──────── Input data ────────

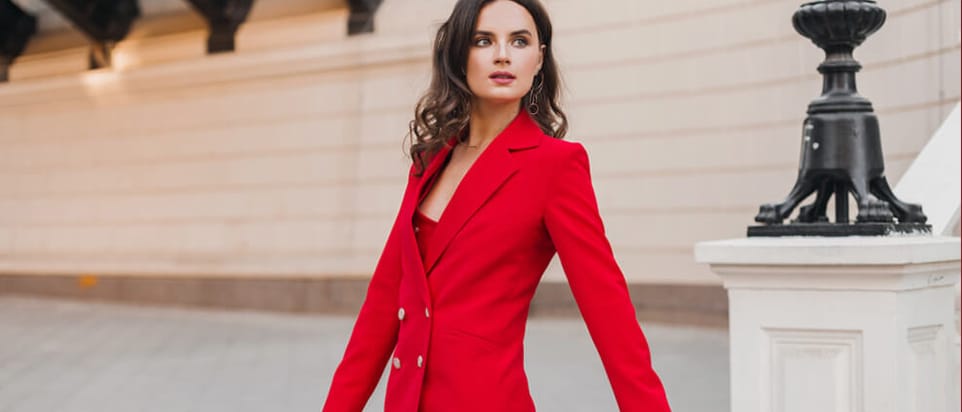 femme_costume_veste_rouge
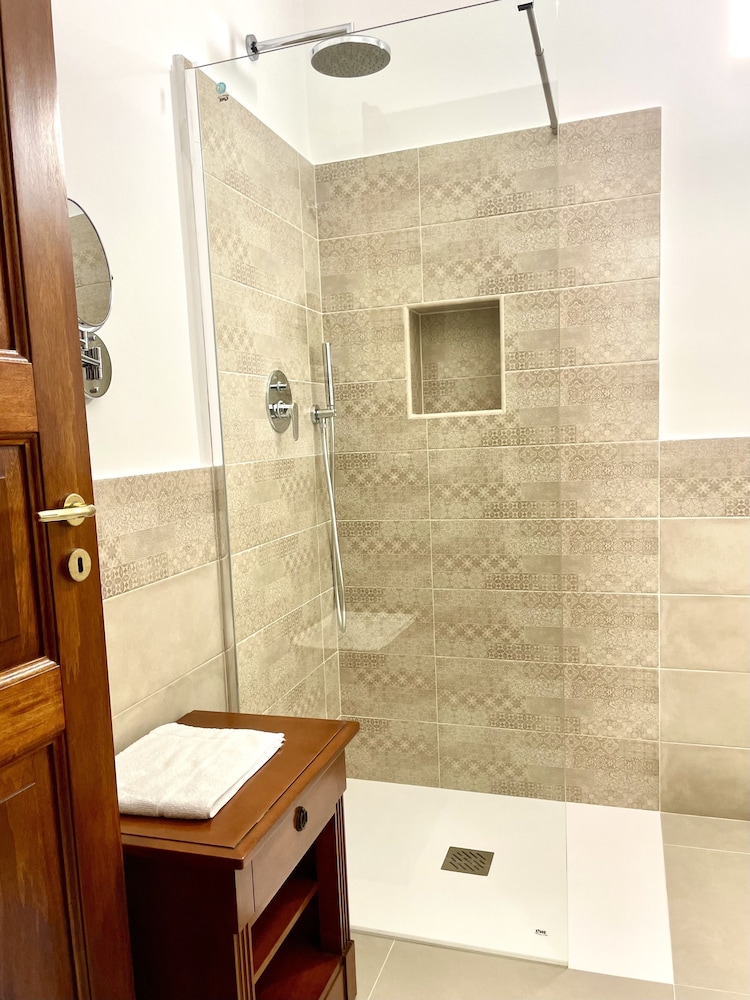 Hotel Villa de Pasquale 54/54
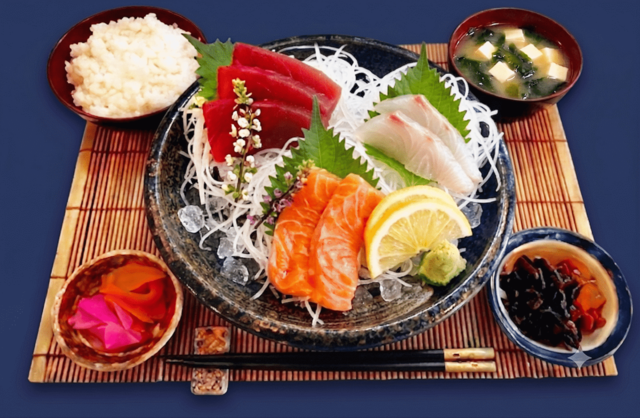 「刺身3種盛り定食」<価格:1,680円(税込)>【“刺身食べ放題”で話題の『漁港食堂 秦野店』がリニューアルオープン!海鮮丼・定食・海鮮だし茶漬けなど、さらにメニューが充実!】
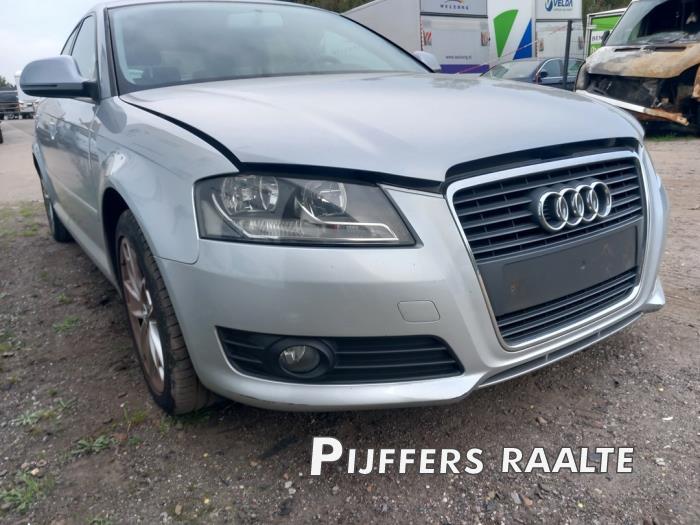 Audi A3 Sportback 2.0 TDI 16V Sloopvoertuig (2009, Grijs)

────────

Exercise objective. Transcribe exactly the lines above, running from the one that contains "Hotel Villa de Pasquale 54/54" through the final line of the listing, and skip every picture.

Reply to the task.
 Hotel Villa de Pasquale 54/54
 「刺身3種盛り定食」<価格:1,680円(税込)>【“刺身食べ放題”で話題の『漁港食堂 秦野店』がリニューアルオープン!海鮮丼・定食・海鮮だし茶漬けなど、さらにメニューが充実!】
 Audi A3 Sportback 2.0 TDI 16V Sloopvoertuig (2009, Grijs)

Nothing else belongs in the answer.